Seventh Circuit Review


The Family and Medical Leave Act (FMLA) is a federal law passed in 1993 to account for changing demographics in the United States. Its intent is to improve work-life balance for employees while improving the overall productivity of employers. Under 29 U.S.C. § 2612, eligible employees are protected should they decide to request unpaid leave from work for the birth of a child, for adoption or fostering a child, because the employee is seriously ill, or “to care for” an employee’s family member with a serious health condition.

Litigation arises in determining what the legislature intended by the phrase “to care for” when an employee requests leave “to care for” a family member. The Department of Labor provides broad regulations relating to the word “care.” Because the regulations are broad in scope, and only provide a few examples of what “care” is, courts have interpreted “care” differently, especially when an employee accompanies a seriously ill family member on a trip unrelated to the family member’s medical care. The Seventh Circuit determined in Ballard v. Chicago Park District that an employee is protected by the FMLA when accompanying a family member on a trip to Las Vegas. Other circuits have decided the issue differently.

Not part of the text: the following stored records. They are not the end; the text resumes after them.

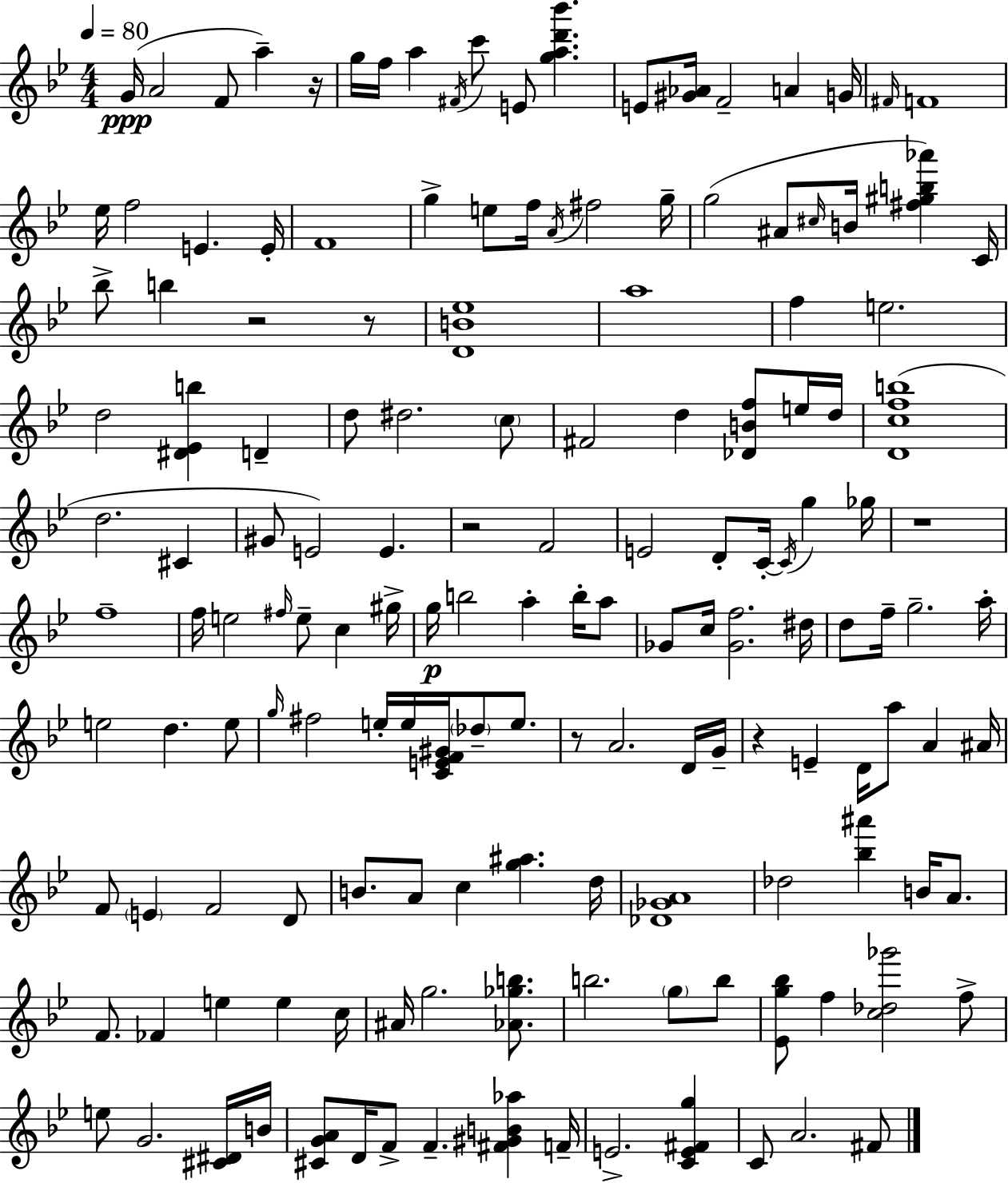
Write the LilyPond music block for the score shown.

{
  \clef treble
  \numericTimeSignature
  \time 4/4
  \key g \minor
  \tempo 4 = 80
  \repeat volta 2 { g'16(\ppp a'2 f'8 a''4--) r16 | g''16 f''16 a''4 \acciaccatura { fis'16 } c'''8 e'8 <g'' a'' d''' bes'''>4. | e'8 <gis' aes'>16 f'2-- a'4 | g'16 \grace { fis'16 } f'1 | \break ees''16 f''2 e'4. | e'16-. f'1 | g''4-> e''8 f''16 \acciaccatura { a'16 } fis''2 | g''16-- g''2( ais'8 \grace { cis''16 } b'16 <fis'' gis'' b'' aes'''>4) | \break c'16 bes''8-> b''4 r2 | r8 <d' b' ees''>1 | a''1 | f''4 e''2. | \break d''2 <dis' ees' b''>4 | d'4-- d''8 dis''2. | \parenthesize c''8 fis'2 d''4 | <des' b' f''>8 e''16 d''16 <d' c'' f'' b''>1( | \break d''2. | cis'4 gis'8 e'2) e'4. | r2 f'2 | e'2 d'8-. c'16-.~~ \acciaccatura { c'16 } | \break g''4 ges''16 r1 | f''1-- | f''16 e''2 \grace { fis''16 } e''8-- | c''4 gis''16-> g''16\p b''2 a''4-. | \break b''16-. a''8 ges'8 c''16 <ges' f''>2. | dis''16 d''8 f''16-- g''2.-- | a''16-. e''2 d''4. | e''8 \grace { g''16 } fis''2 e''16-. | \break e''16 <c' e' f' gis'>16 \parenthesize des''8-- e''8. r8 a'2. | d'16 g'16-- r4 e'4-- d'16 | a''8 a'4 ais'16 f'8 \parenthesize e'4 f'2 | d'8 b'8. a'8 c''4 | \break <g'' ais''>4. d''16 <des' ges' a'>1 | des''2 <bes'' ais'''>4 | b'16 a'8. f'8. fes'4 e''4 | e''4 c''16 ais'16 g''2. | \break <aes' ges'' b''>8. b''2. | \parenthesize g''8 b''8 <ees' g'' bes''>8 f''4 <c'' des'' ges'''>2 | f''8-> e''8 g'2. | <cis' dis'>16 b'16 <cis' g' a'>8 d'16 f'8-> f'4.-- | \break <fis' gis' b' aes''>4 f'16-- e'2.-> | <c' e' fis' g''>4 c'8 a'2. | fis'8 } \bar "|."
}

Given this circuit split, a bright-line rule is necessary. A rule taking into account the factual circumstances and opinions in each circuit would provide guidelines for not only courts, but also for employees and employers to determine whether accompanying a family member on a trip is protected under the FMLA. Consequently, this would decrease employee abuse and reduce litigation. It would also diminish the current inconsistency between FMLA interpretation today and its original intent—not only to improve work-life balance for employees but also to support businesses’ productivity.